This would be my choice of replacement of our Speedfight if I ever replace it!

Whats it like on big hills two up?


----------



## Gretchibald (Jul 22, 2011)

Nicholsong - Don't know if the aforementioned scooters will fit yet, expect to remove mirrors on any type though. One tip for the Arto, if you keep the ramp short this increases the angle of approach and means that the front wheel of the scooter drops over the door lip into the garage floor before any other part of the scooter enters , this increases the available height.


----------



## dally1 (Jul 1, 2010)

As others have said, it's the small wheels on some scooters that's the problem. We have a Aprilia Mojito 125 and when we're both on it then it's positively frightening on anything other than the smoothest of roads.
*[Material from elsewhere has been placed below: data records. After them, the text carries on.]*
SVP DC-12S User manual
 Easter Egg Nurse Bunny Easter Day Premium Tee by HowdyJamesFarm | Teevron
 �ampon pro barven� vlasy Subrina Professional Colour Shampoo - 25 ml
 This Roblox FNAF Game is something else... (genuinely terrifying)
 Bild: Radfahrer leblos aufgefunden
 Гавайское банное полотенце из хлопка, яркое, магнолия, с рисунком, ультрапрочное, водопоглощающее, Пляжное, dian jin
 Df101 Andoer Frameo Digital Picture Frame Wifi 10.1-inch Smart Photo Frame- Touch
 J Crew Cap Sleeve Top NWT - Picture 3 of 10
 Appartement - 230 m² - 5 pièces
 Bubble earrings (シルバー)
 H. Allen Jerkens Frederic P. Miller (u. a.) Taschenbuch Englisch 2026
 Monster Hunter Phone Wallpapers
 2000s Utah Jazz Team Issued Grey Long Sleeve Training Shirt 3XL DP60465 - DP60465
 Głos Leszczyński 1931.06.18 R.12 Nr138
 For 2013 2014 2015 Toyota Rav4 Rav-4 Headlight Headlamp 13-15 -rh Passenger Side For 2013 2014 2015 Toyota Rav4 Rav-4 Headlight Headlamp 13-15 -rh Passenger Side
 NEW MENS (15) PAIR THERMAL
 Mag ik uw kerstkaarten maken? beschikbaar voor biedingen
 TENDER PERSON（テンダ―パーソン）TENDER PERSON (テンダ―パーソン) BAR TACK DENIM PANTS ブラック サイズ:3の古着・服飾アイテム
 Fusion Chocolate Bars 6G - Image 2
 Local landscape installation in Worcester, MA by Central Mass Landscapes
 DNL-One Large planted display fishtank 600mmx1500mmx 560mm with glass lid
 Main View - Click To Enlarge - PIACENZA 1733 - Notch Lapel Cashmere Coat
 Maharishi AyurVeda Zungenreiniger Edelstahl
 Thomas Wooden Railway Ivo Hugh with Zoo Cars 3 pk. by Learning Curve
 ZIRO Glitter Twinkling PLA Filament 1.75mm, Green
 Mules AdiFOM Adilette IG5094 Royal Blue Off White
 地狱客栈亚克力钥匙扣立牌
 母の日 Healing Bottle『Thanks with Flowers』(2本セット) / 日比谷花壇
What I fancy is a low weight trails bike but haven't seen anything as yet which is lucky really as I'm skint.


----------



## DABurleigh (May 9, 2005)

Just been out on my Vespa 250. Might still be a bit chilly but it's lovely being able to have a thrash with the rubber gripping dry roads 

Dave


----------



## GEMMY (Jun 19, 2006)

It's got to be another 10 degrees warmer for me  

tony


----------



## barryd (May 9, 2008)

GEMMY said:


> It's got to be another 10 degrees warmer for me
> 
> tony


Ya big Fairy!


----------



## DABurleigh (May 9, 2005)

That doesn't look fun to me...

Without diverting the thread, I have been wondering what is the biggest bike that will go into the rear garage of a quality German van.

I see the Hymer B-class SL with Al-Ko tag chassis can take 350kg on the floor of the garage, but it's always the door aperture height and the manhandling that seem more limiting.

Dave


----------



## GEMMY (Jun 19, 2006)

My newly purchased 680 has an aperture opening 1.35m high, with a drop of 50mm over the lip. The biggest I 've had so far. I can drive up the ramp and walk into the garage with it.  

tony


----------



## rayrecrok (Nov 21, 2008)

GEMMY said:


> My newly purchased 680 has an aperture opening 1.35m high, with a drop of 50mm over the lip. The biggest I 've had so far. I can drive up the ramp and walk into the garage with it.
> 
> tony


Hi.

1.35 = 4 feet and 5.1496062992126 inches .. Gemmys an Umpa Lumpa :lol: .. Umpa Lumpa :lol: ..Umpa Lumpa :lol: :lol: :lol: 









ray.


----------



## DABurleigh (May 9, 2005)

Unfortunately the BMW R1200GS 2013 is 1450mm high excluding mirrors :-(

238kg, 2210mm long.

Dave


----------



## dfk (Jan 25, 2013)

Hi I have a Sachs Madass 125.It takes up little room and is easily winched.Riding position is a little tiring though as you feel as if you're sliding forward.Other than that it rides very well feels very stable.


----------



## rayrecrok (Nov 21, 2008)

Hi.

Been for my first ride on the new scooter, 25 miles in the snow and hail. Bloody freezing I can't feel my fingers, and now I have the hot aches.. It is blowing a gale and I had a few moments when the wind caught me from the side, but coped well and didn't wobble too much :roll: ..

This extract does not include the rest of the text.